An at-a-glance analysis compares the average net interest margin of DB relative to other top global investment banks.
DB's average net interest margin over the last years is a strong 1.685%, higher than half of the global investment banks shown in the table I created above. Other stocks like JPMorgan (NYSE: JPM) also have stellar net interest margins and are trading near 52-highs, and don't have as strong valuations, as you'll soon see. As long-term interest rates are expected to rise over the next year or two, DB should continue to profit off of stellar margins and more comfortably control any volatility from net interest margins going forward. In fact, even controlling for the current price per share, DB's price / average net interest margin, scaled by 100, comes in at 7.94x, as shown in the Excel table I created below.
This means that investors are only paying $7.94 for every 1% (100 basis points) of net interest margins that DB has to offer. This multiple is the third-lowest in the entire distribution. Barclays Capital and Bank of America (NYSE: BAC), are also trading on the extreme side of the scale). Goldman and Morgan Stanley (NYSE: MS), appear to be trading too high relative to their 10Yr average net interest margins, as compared with the rest of the top 10 global investment banks.
Net Tangible Asset Value per Share Discount
Another useful valuation metric to consider is the net tangible asset value per share. This multiple is calculated by computing the current total assets, subtracting any intangible assets and total liabilities, as well as any preferred equity, and dividing this quantity by shares outstanding. The table I created below in Excel shows the calculations for the net asset value (NAV) per share.
Total assets represent what a company owns. As of June 2016, DB had more than $2.026 trillion in assets, $11 billion in intangibles, just under $2 trillion in total liabilities (both short-term and long-term obligations), and no preferred equity outstanding. Preferred equity actually has a liquidation order preference over common equity, so it's more realistic to treat preferred equity as a form of debt.
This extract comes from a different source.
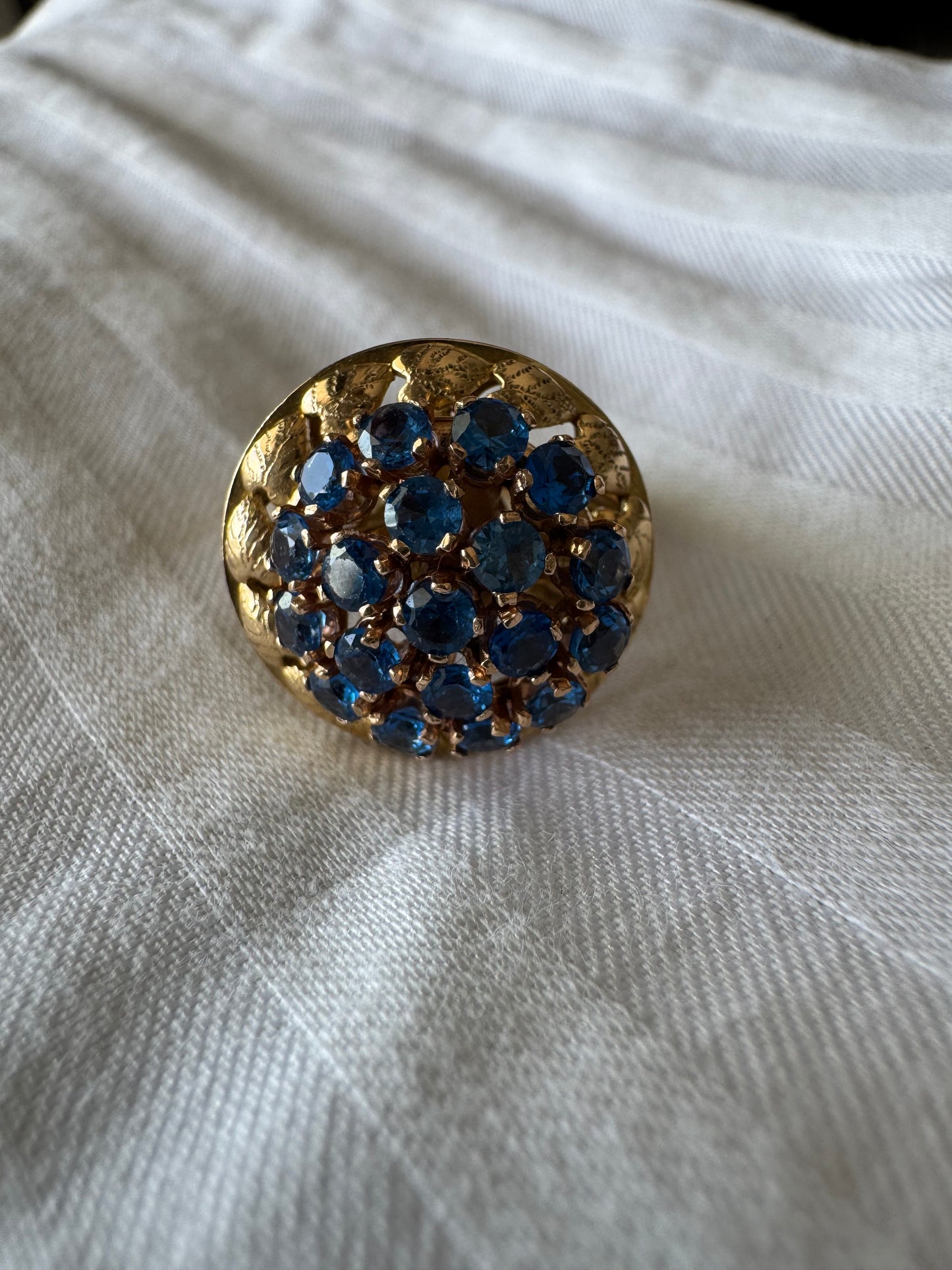 18K gold interchangeable ring — four rings in one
Shares outstanding are almost 1.4 billion, so the net asset value per share comes in at $45.88, almost a 3.5x premium above the current price of $12.97. This means if DB liquidates all its liquid assets, writes down its intangible assets (intangibles can't be sold that easily), pays off ALL its obligations, then this residual asset value would be worth about $45 per share to equity shareholders. This provides a huge margin of safety. Considering that intangible assets like intellectual property could actually have their rights sold to buyers, this net asset value per share is a conservative estimate, assuming assets can be liquidated at current or book value.
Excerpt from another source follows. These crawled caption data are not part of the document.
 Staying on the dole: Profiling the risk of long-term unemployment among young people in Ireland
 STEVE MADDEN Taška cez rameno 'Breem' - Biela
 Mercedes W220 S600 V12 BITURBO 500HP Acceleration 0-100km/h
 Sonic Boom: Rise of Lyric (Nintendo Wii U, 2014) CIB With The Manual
DB's price / NAV multiple is also the lowest in our entire top 10 global investment banks universe, as you can see from the chart I created above. Stocks like Citigroup (NYSE: C), Credit Suisse, and Barclays, are also trading lower than the industry average NAV multiple.
Revenue per Share Discount
Another valuation multiple we could consider is the price-to-sales multiple, which takes the current market cap and divides by recent sales. DB's P/S currently stands at 0.69x times sales, which is the lowest multiple in the entire global investment banks industry.
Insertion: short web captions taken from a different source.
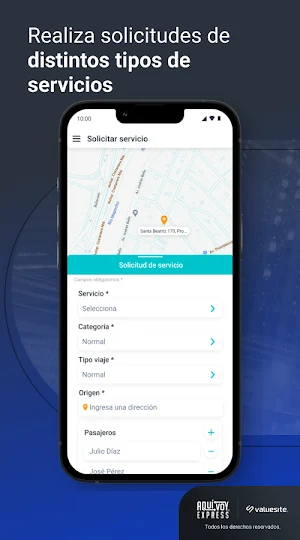 Go Empresas Aquívoy Express Screenshot 1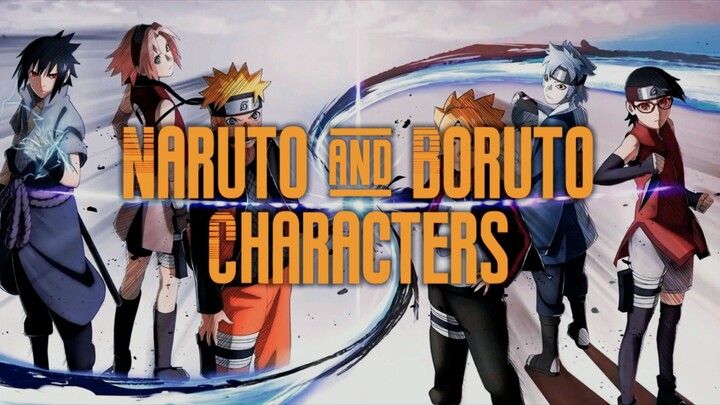 Naruto and Boruto Characters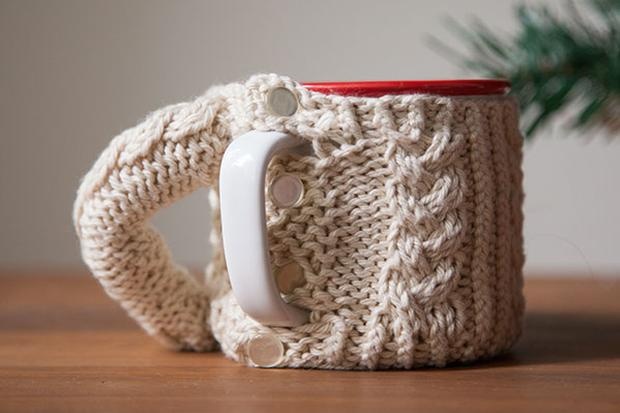 Large Tea Mug Cup Warmer Coffee Cup Cozy Handmade Knitted 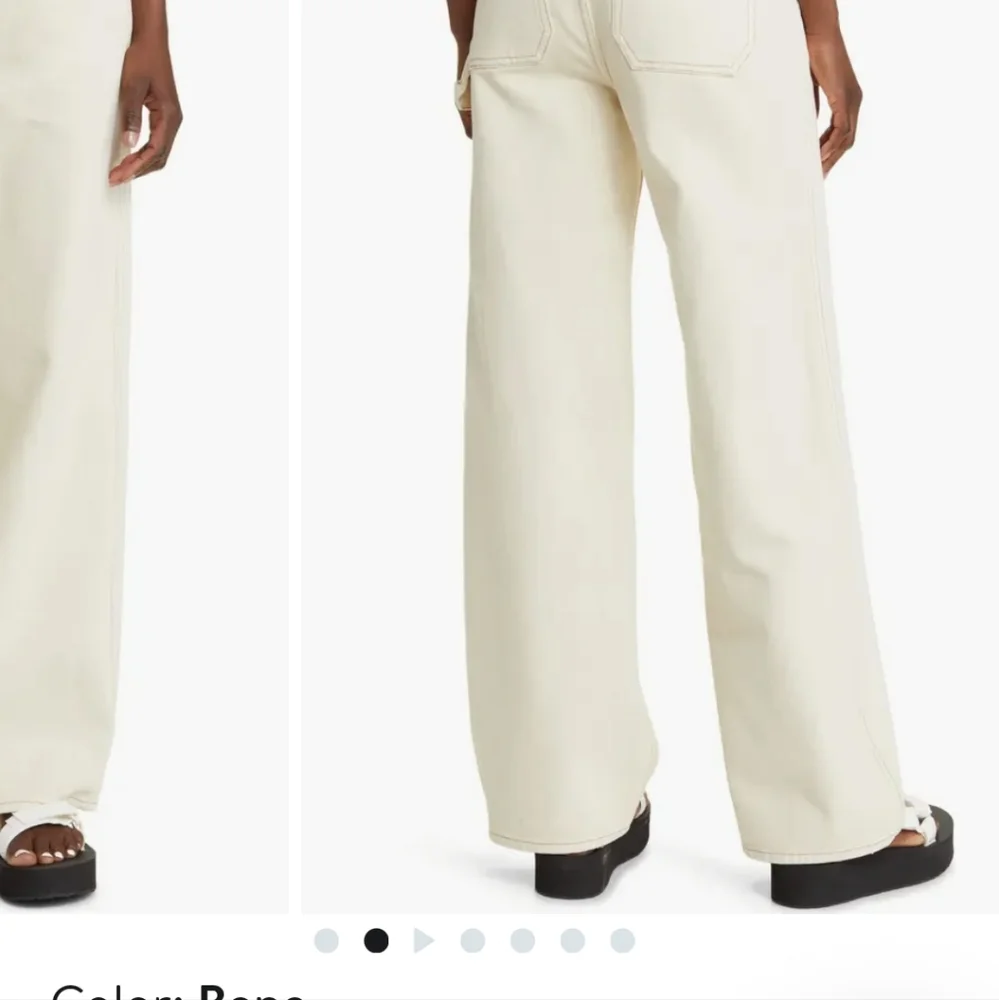 PACSUN carpenter pants size approx 29 color bone contrast thread detail - Picture 10 of 15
For a company that had more than $36B in USD revenue last year, it seems that DB's growth decay is highly oversubscribed. Our sales multiple tells us how the market is pricing in DB's top line value. Yet common sales and earnings multiples might be a bit misleading for equity investors, as we mostly care about current free cash flow and the growth in the free cash flow. DB is also currently trading at a P/FCF multiple of $0.19x, which is the lowest FCF multiple out of 4,868 stocks. The price-to-FCF multiple of $0.19 means that investors are only paying $0.19 for every $1 of recent free cash flow, which seems like a bargain, considering DB's net asset value per share is more than 3.5 times its current share price.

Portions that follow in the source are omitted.